The BBC Dimensions site could easily have devoured my entire evening:

Dimensions takes important places, events and things, and overlays them onto a map of where you are.

Type in your postcode or a place name to get started.

Take, for example, the Apollo 11 lunar landing. I've posted before about a map illustrating how tiny an area Armstrong and Aldrin covered during their various walks across the lunar surface, but seeing the same details superimposed on my local town square or the pitch at St James' Park makes for an even better illustration of the concept.

I do have two small criticisms of the way the site works:

  1. The site doesn't remember locations between views.
    Once you pick an event, you're shown the chart of that event overlaid on the image of a randomly selected geographical area and are then invited to enter a post code or place name upon which to superimpose the map.

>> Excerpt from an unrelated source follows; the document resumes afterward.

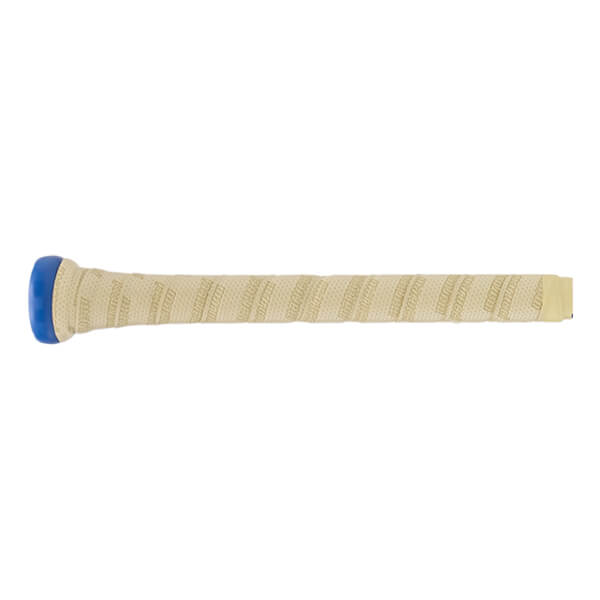 Side view of a cream baseball bat handle with a blue knob and textured spiral grip tape, with Marucci branding.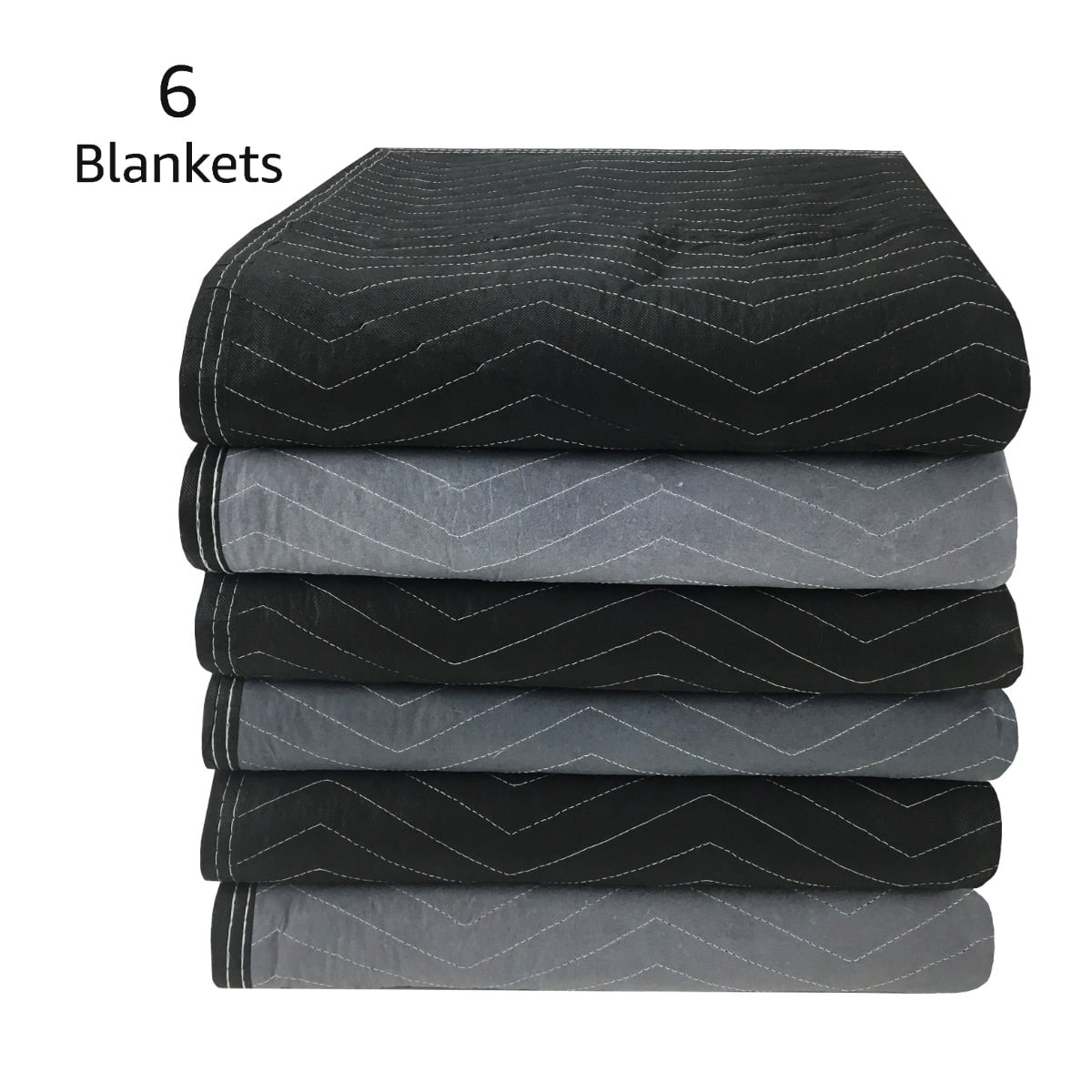 uBoxes Woven Black and Grey Extra Performance Moving Blankets Poly Cotton 75lbs/doz (6 Pack)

That's fine first time round, but then when you pick another event the site forgets the place name/post code you entered first time round and picks another random location.

    I'd prefer that once you've entered a location the site would remember that location and use it as the default for the next event you selected. I would imagine that most users will want to use the same locale – be it their home, a local landmark or whatever – as the focal point for successive comparisons.1

  2. Sometimes close enough isn't good enough.
    Even when using post codes, sometimes the map that is produced won't be quite centered on the location you entered. Trouble is, there's no way I can find to 'grab' the superimposed chart and drag it to precisely where you wanted it.

    It so happened that the St James' Park image did sit squarely on the pitch. If the image had been centered on, say, the ground's main stand instead I'd have had no way to move the image so that the entire journey took place on the pitch.

That said, it's a sign of how well-done the site is that these comparatively trivial issues are the biggest gripes I can come up with. It's fine work by all concerned.

[Via kottke.org]

  1. The site's designers may well have evidence of actual usage patterns that proves me wrong, of course. I can only say that I found myself repeatedly having to enter the same location name.